Introducing Standard Protocol

Synthetic Difficulties

Killmex RJ
4 min readApr 29, 2021

Despite their promise, synthetic cryptocurrency stablecoins are struggling to overtake their collateralized rivals. Problems concerning price and supply instability, oracle data centralization and as a result general usability have hampered the adoption of these currencies.

This has resulted in a lack of innovation, impacting the end-user and wider ecosystem.

Uncollateralized Stablecoins

Uncollateralized algorithmic stablecoins have a supply that can expand and contract depending on the price at predetermined intervals.

As the supply changes, the token price can come away from the peg. Incentives are distributed (often through minting or burning supply) to encourage buying or selling pressure, and therefore move the price up or down. This results in a non-collateralized, stable asset.

The problem with this approach is that the elastic-supply mechanics are difficult to control (see protracted negative rebase spirals as an example). The price of such stablecoins lacks stability, which creates a number of challenges for an asset that is meant to be ‘stable’.
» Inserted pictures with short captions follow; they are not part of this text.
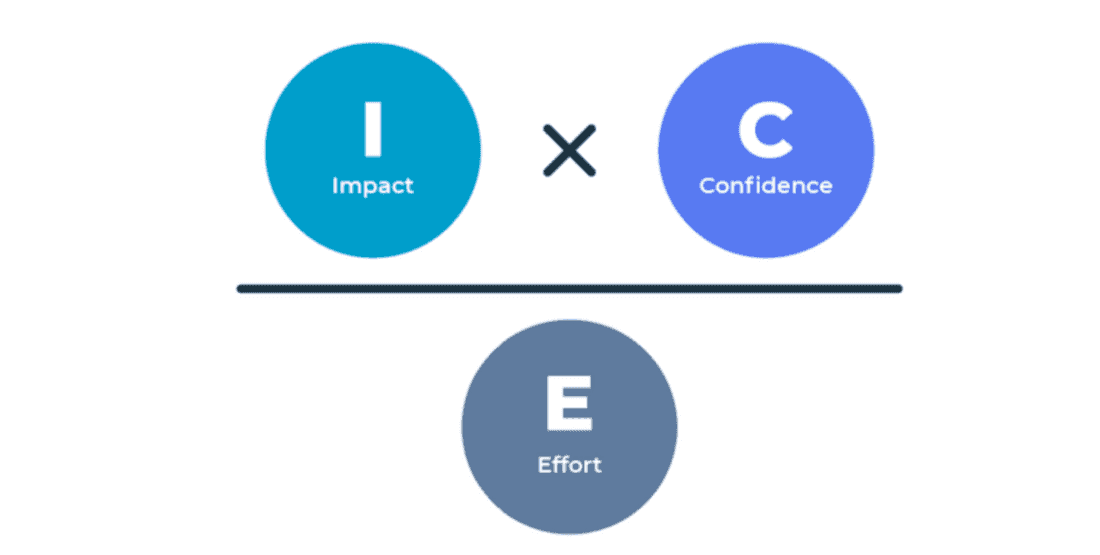 Calculating the ICE score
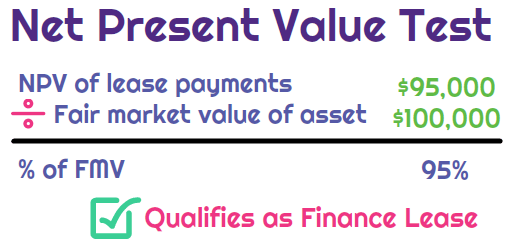 Present value of future lease payments - HuseyinCaiden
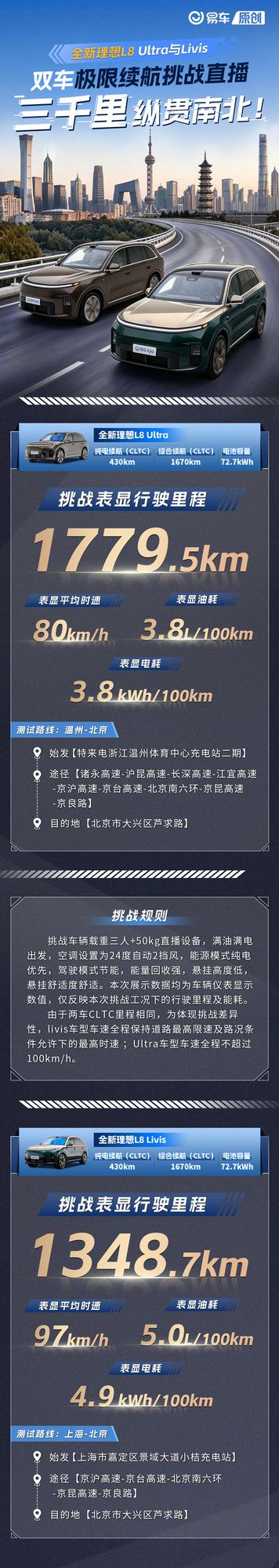 理想汽车CEO李想回应增程技术质疑 全新理想L8 Ultra续航挑战超标称值 第3张 理想汽车CEO李想回应增程技术质疑 全新理想L8 Ultra续航挑战超标称值 第3张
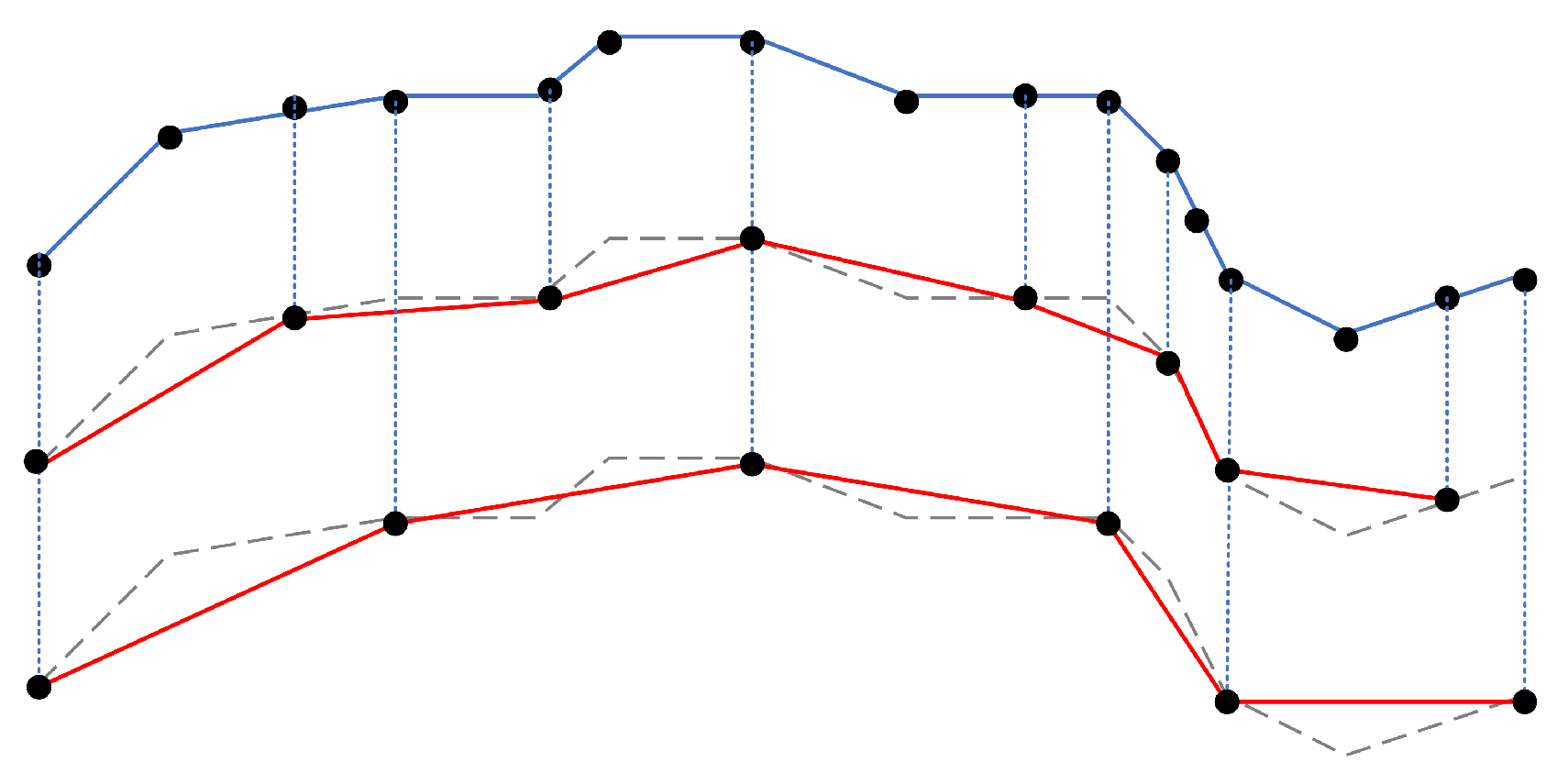 Ijgi 08 00518 g015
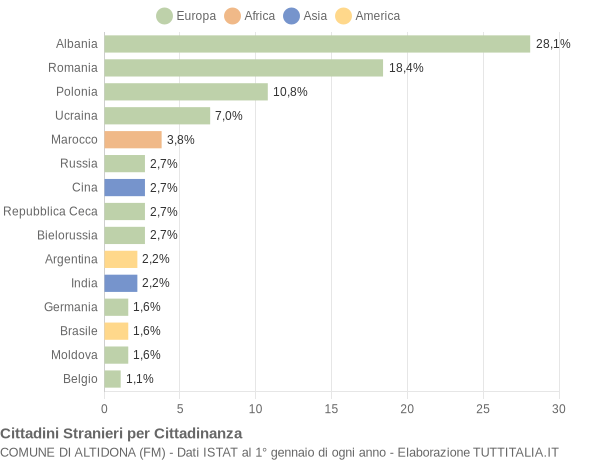 Grafico cittadinanza stranieri - Altidona 2008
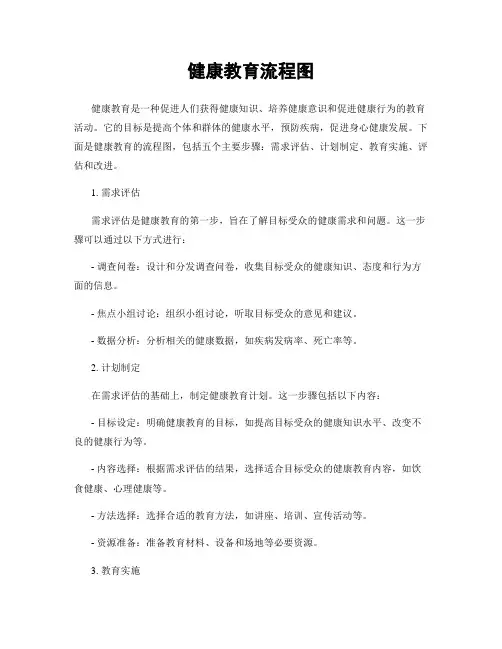 健康教育流程图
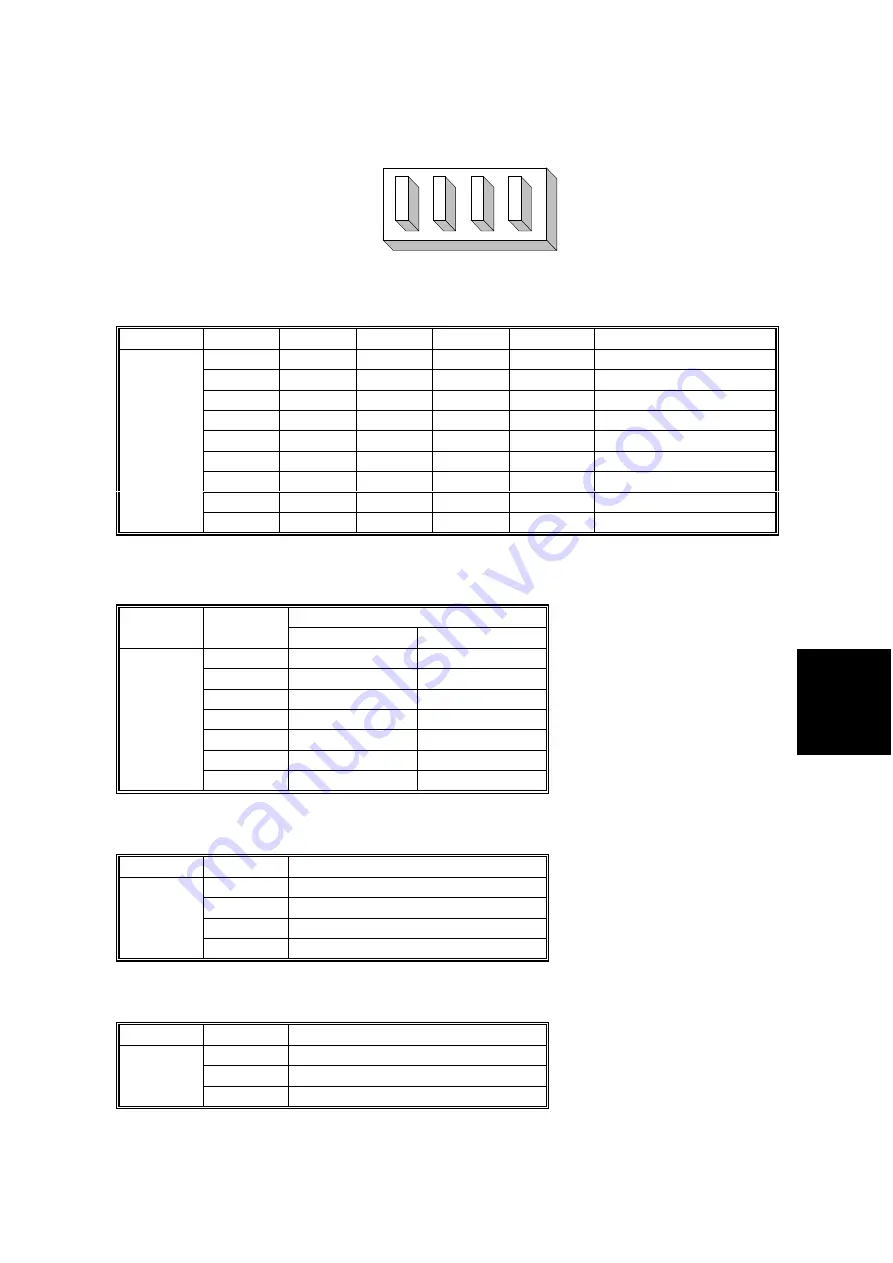 Ricoh LD013 Service Manual Download Page 176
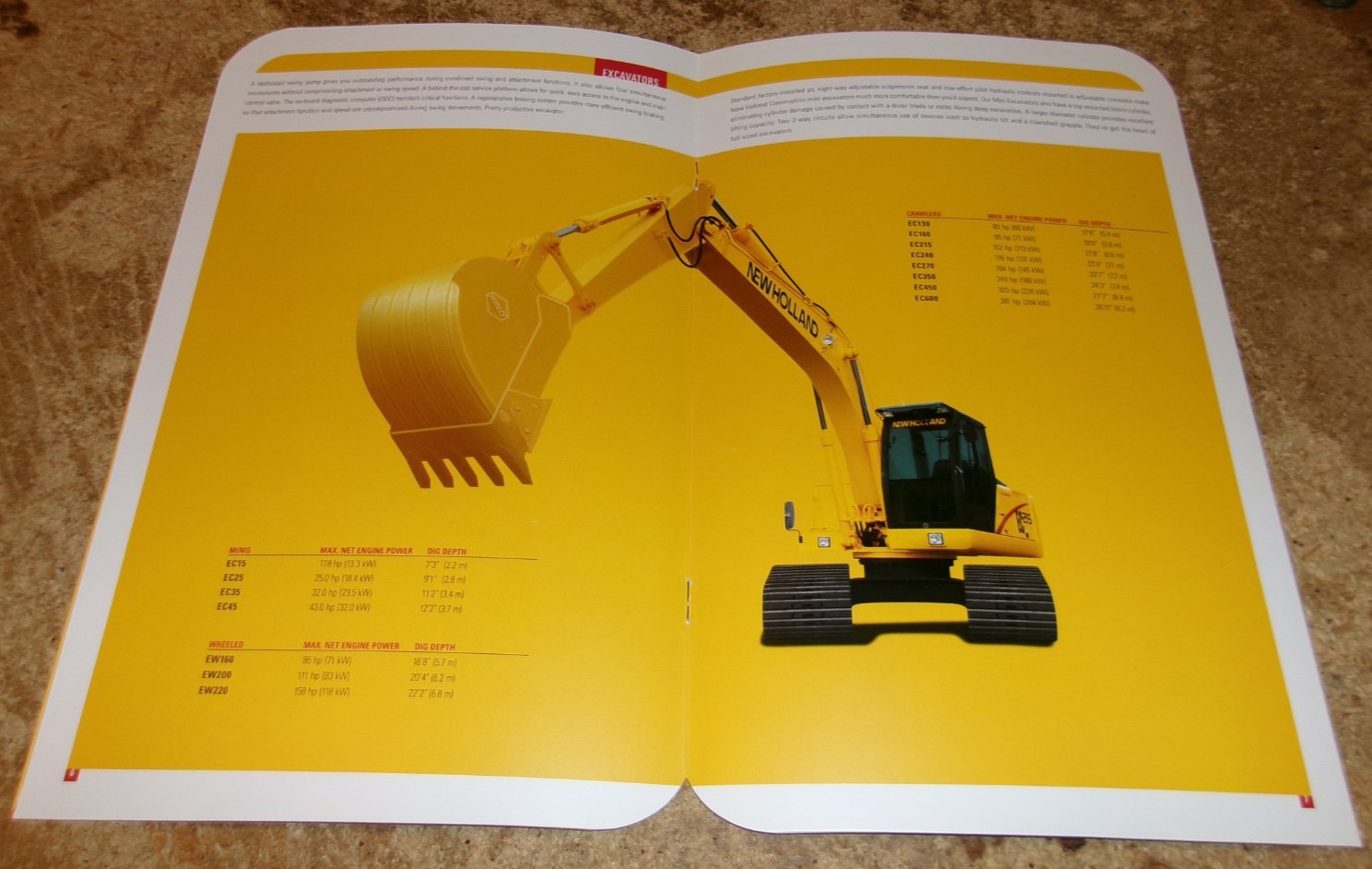 vintage new holland construction equipment model list brochure new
To compound the problem, oracles used in fetching critical stablecoin price data are often centralized — creating a potential protocol failure point. So what can be done, if anything, to solve the synthetic stablecoin dilemma?

The New Standard

Enter a new era of collateralized, rebasable stablecoins. Combining the best attributes of stablecoins like DAI with the elastic supply of AMPL, Standard Protocol creates both stability and flexibility for its synthetic stablecoin.

Standard Protocol is the first Collateralized Rebasable Stablecoin (CRS) protocol for synthetic assets that will operate within the Polkadot ecosystem. It is also the first and only project from Korea to be awarded a Polkadot Web3 foundation grant.

Fair Oracle Rewards and Native AMM

Fair block reward architecture for oracles (with an 8:2 ratio between validators and providers) eloquently rewards providers and solves the challenges of decentralized data sources for synthetic assets.

Automated market makers (AMMs) play a critical role in creating essential arbitrage opportunities through liquidated collateral pools, fuelling the Standard Protocol ecosystem.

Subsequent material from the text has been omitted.